The first model was the GT 3 Coupé in 2003. Special features of the coupé are the three-seater design, with the driver sitting in the middle, and the gullwing doors. The engine usually comes from Ford. The GT 2 Coupé, which has been available since 2011, conventionally has two seats next to each other. The coupés have found around twelve buyers so far.

The GT 3 Spyder appeared in 2004. This is the open version of the coupe.
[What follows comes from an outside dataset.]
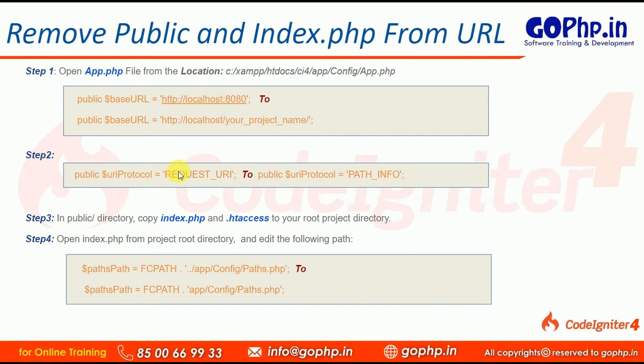In Step 2, we have the URI Protocol property, which is assigned the value REQUEST_URI. We need to change it to the PATH_INFO constant.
The vehicles are usually powered by a four-cylinder engine from Volkswagen with a displacement of 1,800 cm^{3} and a turbocharger. Initially also three-seater, since 2011 there has also been the GT 2 Spyder and GT 2 Aero with two seats next to each other. So far, around five copies of the Spyder have been built.

The Epona was designed by Garry Gooderham. Aeon Sportscars presented a model at a trade fair in 2009, but did not put it into series production. Exceed Autocraft has been trying since 2011. This lightweight, front-engine, rear-wheel-drive sports car is planned as a coupe and roadster.

== Literature ==

- Steve Hole: A-Z of Kit Cars. The definitive encyclopaedia of the UK's kit-car industry since 1949 Haynes Publishing, Sparkford 2012, ISBN 978-1-84425-677-8, p. 20–21 and 86.